» **Exercise**: Copy out the lines of the records below, and only those lines, from the one with "2022 Volkswagen Tanyue" through the one with "Oliver Peoples Zed", exactly as they appear.

» **Records**:

+--

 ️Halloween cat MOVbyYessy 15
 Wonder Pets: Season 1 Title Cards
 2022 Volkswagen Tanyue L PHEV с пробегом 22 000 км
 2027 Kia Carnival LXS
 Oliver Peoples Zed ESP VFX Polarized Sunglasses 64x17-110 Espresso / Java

+--

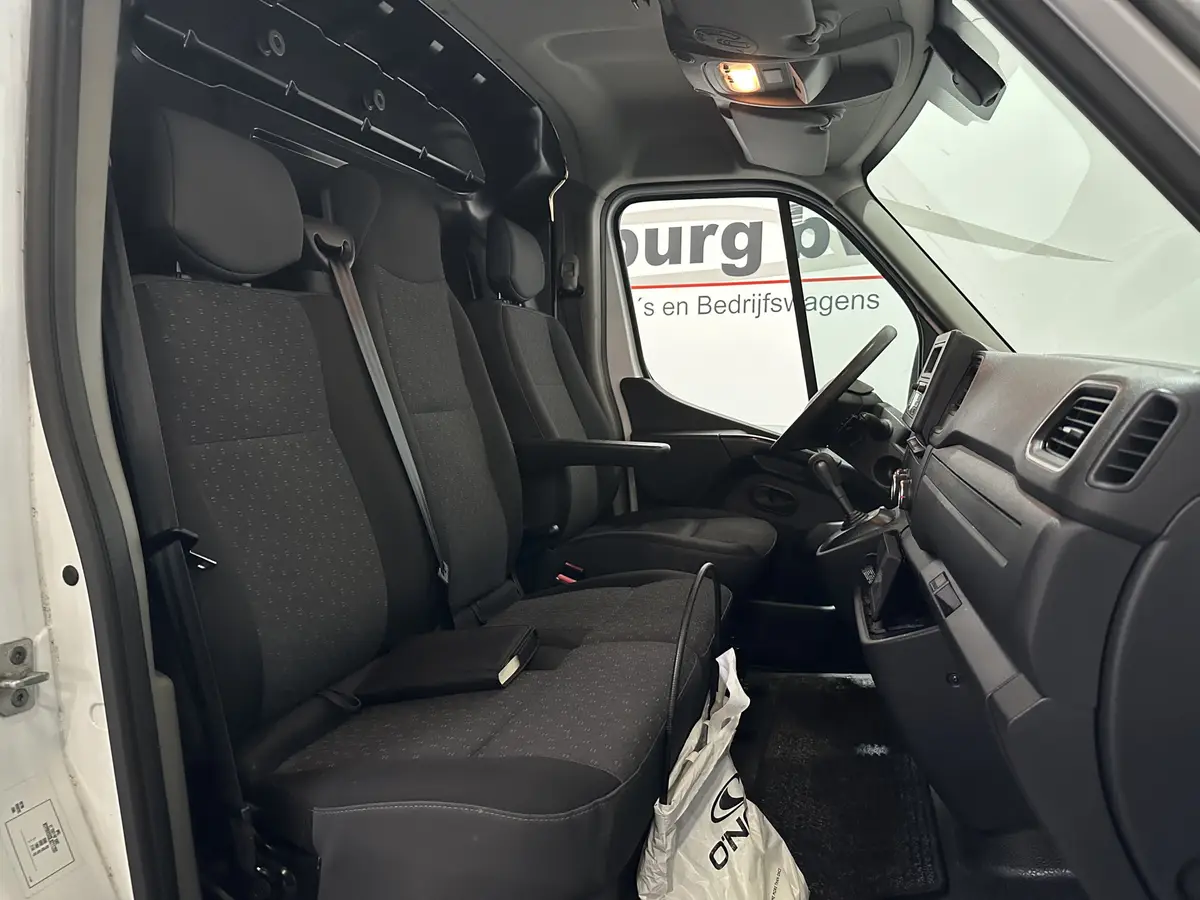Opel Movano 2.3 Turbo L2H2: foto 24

+--

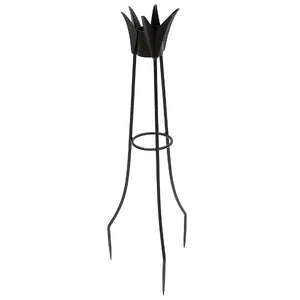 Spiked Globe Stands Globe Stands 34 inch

+--

» **Task answer**:
 2022 Volkswagen Tanyue L PHEV с пробегом 22 000 км
 2027 Kia Carnival LXS
 Oliver Peoples Zed ESP VFX Polarized Sunglasses 64x17-110 Espresso / Java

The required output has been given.